The elephant in the middle of the airport is: nobody likes flying because it’s so goddamned unpleasant to be poked, prodded, and shuffled around by government agents; to have to show up several hours in advance of your flight just to wait in interminable lines to be poked, prodded, and shuffled around; and then to sit and wait for hours on your flight to leave because you had to budget so much time in advance not to be lectured by the government agents about how to schedule your time or end up missing the flight because you didn’t allow enough of a cushion for unexpected delays.

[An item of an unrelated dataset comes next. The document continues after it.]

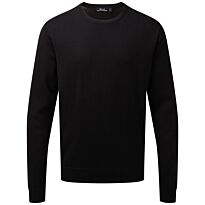 Crew neck cotton-rich knitted sweater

There are market opportunities for airports and airlines to improve their service, sure, but the dominant fact about the air transport market is that it isn’t a free market. The most unpleasant aspects of flying are forcibly monopolized and forcibly implemented by the federal government (which has no reason to care whether you fly or not). Moreover, even many airline companies have little reason to make things more pleasant for their customers, because the market is cartelized and subsidized; they can reliably count on receiving billions in bailouts from the federal government if their bottom line ever falters.
The major players in the contact lens market all have strong reasons to scramble to do a better job at following what customers want on the margin. That doesn’t happen with most of the unpleasantness that flyers face.
(Similar remarks, of course, apply to why the government-cartelized rail industry remains mostly useless to the vast majority of people in the U.S.)